My mother, brother, and I walked into Pho20, a Vietnamese restaurant in Beaver Creek, Colorado, to find my dad already at a table by himself tearing apart some Asian wings.
“Mackenzie, I have a story idea for you,” he said, sauce dribbling down the side of his chin. “I already have a title – it’s ‘First Class Hookup.’”
“’First Class Hookup,’ Dad?” I questioned it immediately as we took our seats, but he insisted it was a serious piece that would require extensive research.
He went on to explain this brilliant idea, originally inspired while seated in the First Class Lounge earlier in the day: “During a flight delay – sometimes hours at a time – you have to think, these people need entertainment. They get bored. A lot of them are lone travelers, businessmen, and, hey, there are showers in the First Class lounge. I bet people hook up in the showers all the time! You should do a piece about the airport hookups – the First Class hookups.”
My brother and I argued that it wasn’t limited to first class. People could hookup in the airport no matter where their funds seat them. After all, the Mile-High Club is easily accessible to all travelers. But after enduring extreme flight delays of my own the day before (i.e. the Denver airport closed down so my plane landed in New Mexico instead) I was mostly focused on the bigger idea of how airports bring people together. The togetherness I witnessed did not come solely for those in the First Class lounge or in the form of sexual relationships. The togetherness applied to everyone.
After hours spent moseying around the New Mexico airport, waiting for news on our flight, the passengers on the United Airlines Flight to Denver became like a family – the UAFD Fam. Every time I stood in line for food, browsed a shelf in the Hudson News store, or brushed my teeth in the airport bathroom sink, I would end up in a conversation with someone of the UAFD Fam. We were all in the same boat, unsure of where our luggage would go, let alone where we would go, and the situation inspired an unspoken brotherhood between us.
A bunch of people on the way to Colorado Springs got together to rent a car and risk the snow storm.
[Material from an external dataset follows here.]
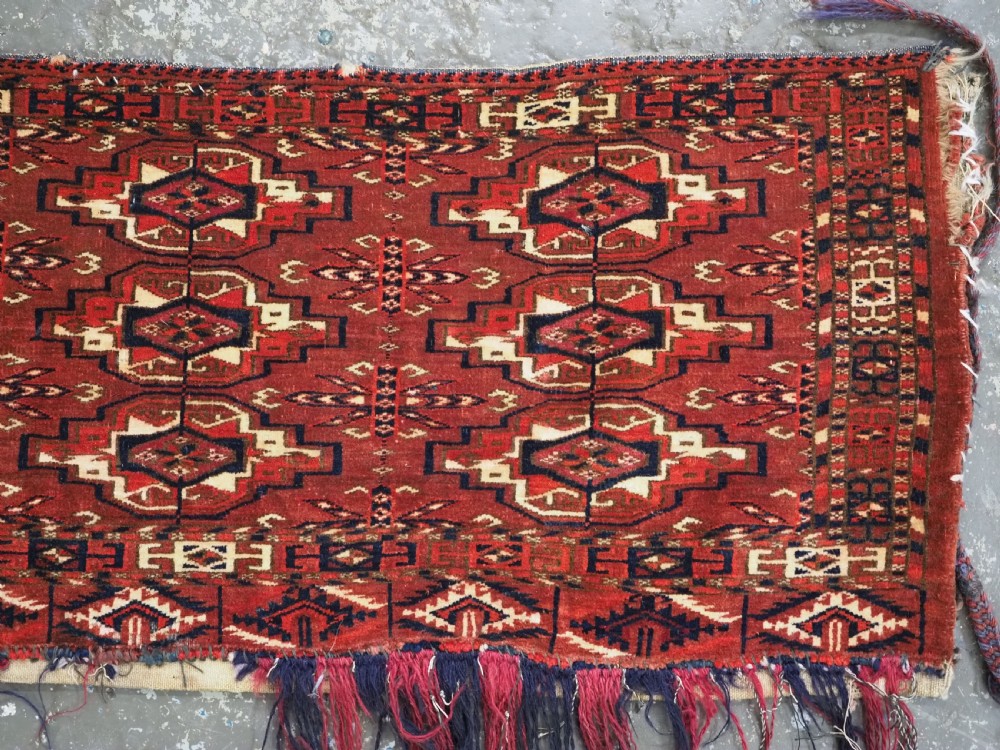 A horizontal rectangular handwoven wool Tekke Turkmen torba bag featuring nine geometric gul motifs in red, navy, and ivory, complete with a long hanging wool fringe at the base. View VI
I helped an elderly couple named Robin and Rudiger buy plane tickets to their ultimate destination, Santa Barbara, and listened to their stories about being Hopkins doctors and making their sons wear ski boots on the airplane. They invited me to visit their farm in Baltimore. A boy and a girl struck up a conversation and realized they were both ultimately headed to Bozeman, Montana (wherever that is) so they decided to rent a car together for the drive. I hoped this would be the start of some wildly romantic love story, but I will probably never know.
Strangers invited me to join them for meals, strangers invited each other to join them for meals, and everyone took this opportunity to get a window into the life of the person beside them. These windows are actually easily accessible wherever you are in the world. On the train, on the street, on line at Chipotle, we are constantly surrounded by strangers who have millions of memories and stories – just as many as we do – but we never have a reason to turn to our right and ask, Hey, what’s your story? As much as it sucks to sit around waiting in airports, the extra time brings us the opportunity to meet someone new; to talk to someone who we otherwise may not have even said hi to.
Whether it be small talk about work or a full road trip to Montana, a short lunch over meatball subs or a quick fuck in the First Class Lounge bathroom, these connections provided momentary inclusion into the life of a stranger. We of the UAFD Fam were ultimately all flown out of New Mexico and our relationships whittled down to slight waves goodbye at the baggage claim, but we’ll always remember those few stranded hours when the downfalls of the weather led us to open the books of a hundred lives.